Hi
I
know this comes to you as an impulsive emotion overload but this is the best
way I could think of to say what I have been wanting to since months. So here
it goes.
It’s
been a while since I actually gave a thought to our journey, the way it started
and the turns it took. I wish to be completely honest with you, I had blocked
out a part of my memory to stop it from overwhelming me because I knew I had to
be strong and get into the habit of not seeing you everyday! But now, when I am
at a crucial stage in my life, I miss it. I miss us. I miss the entire “depth
of serenity”, if you know what I mean!
When
I first saw you I never could have imagined how close we would get. We were so
different from each other. Me, broody and cocooned in a world of my own and
you, spreading smiles all around. But I guess that’s how it works. Opposites
attract. We have had our moments of fear, argument, rage, drama and what not.

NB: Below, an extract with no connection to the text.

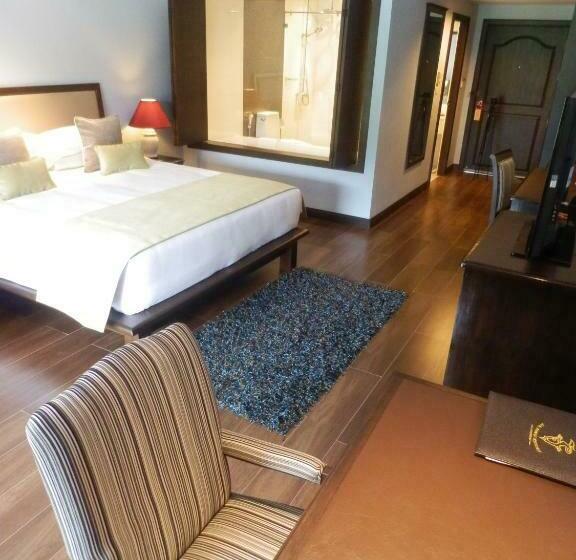 Номер Deluxe Кровать Кинг, Sir James Resort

Everything is fading with time but what remains intact is the memory of our
walks on the school lawns, funny discussions, sharing secrets, the spirit of
our friendship, the songs, the letters, moments with Jerry and the fact that we
will always have each other. You are the one person I have never stopped
trusting blindly even once in all these years. You’ve been a sister, a
caregiver, counselor, legal advisor, motivator, supporter, critic,
guide…..showing me the difference between right and wrong and throwing the
bitter facts to my face every time I refused to accept them. Not many people
can do that.
I
have taken you for granted but you never complained! It’s like family! I just
want you to know how much I love you and will do, always. I just wish we could
be back in school and relive all those moments even if it means doing math and
science all over again!
People
come and go. I have opened and closed endless chapters in my life. Someone told
me that we change our friends every seven years. My reaction? Duh! Look at us
and you will change your mind. I am happy that I could do a lot of things that
I had dreamt of. Over the years that we spent completing higher studies, we
started to get caught up in busy schedules. I know that’s a lame thing to say
because we will always be busy in something or the other, if not college anymore,
then work and career but when we are not in school, we do have hindrances in
keeping in touch that often. Today, I promise to work on those hindrances and
as a new year’s resolution, I will try to compensate on the times I may have sidelined
you. I am not very good at striking a balance between the different worlds of
mine but now I feel it is very important to learn to do that.
Here’s
to our bond! I promise no more periods of disappearances. No more secrets. It
will be the way it was. Always and forever!
Yours
(in this world and beyond)
Deeply
P.S.
Thank you for accepting me for who I was, who I became and who I am. There are
rarely..believe me truly rarely …that people have that kind of tolerance
towards mercurial personalities! And then there are those who just cannot
accept that introvert people do exist! They try to change you, force you to
talk and make you take up tasks that you would hate. But you never did any of
that. You took me…all of me…the way I was, with all my traits intact! With you,
I never needed to pretend or try to be someone I am not. Just being with you
made me..ME! And still does. I love you!